Re: PCollection to PCollection Conversion

2016-12-29 Thread Dan Halperin
On Thu, Dec 29, 2016 at 2:10 PM, Jesse Anderson <je...@smokinghand.com>
wrote:

> I agree MapElements isn't hard to use. I think there is a demand for this
> built-in conversion.
>
> My thought on the formatter is that, worst case, we could do runtime type
> checking. It would be ugly and not as performant, but it should work. As
> we've said, we'd point them to MapElements for better code. We'd write the
> JavaDoc accordingly.
>

I think it will be good to see these proposals in PR form.

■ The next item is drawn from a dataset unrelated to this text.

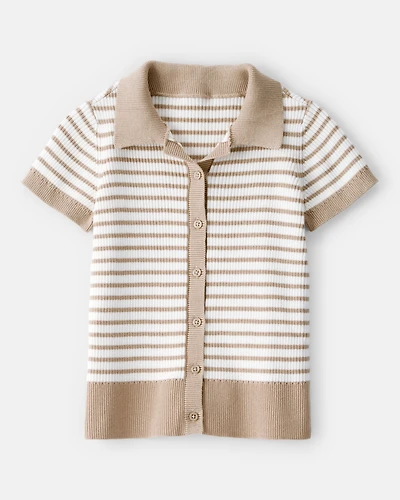 Girls Striped Button-Down Short-Sleeve Tee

I would stay far
away from reflection and varargs if possible, but properly-typed bits of
code (possibly exposed as SerializableFunctions in ToString?) would
probably make sense.

In the short-term, I can't find anyone arguing against a ToString.create()
that simply does input.toString().

To get started, how about we ask Vikas to clean up the PR to be more
future-proof for now? Aka make `ToString` itself not a PTransform,  but
instead ToString.create() returns ToString.Default which is a private class
implementing what ToString is now (PTransform<T, String>, wrapping
MapElements).

Then we can send PRs adding new features to that.

IME and to Ben's point, these will mostly be used in development. Some of
> our assumptions will break down when programmers aren't the ones using
> Beam. I can see from the user traffic already that not everyone using Beam
> is a programmer and they'll need classes like this to be productive.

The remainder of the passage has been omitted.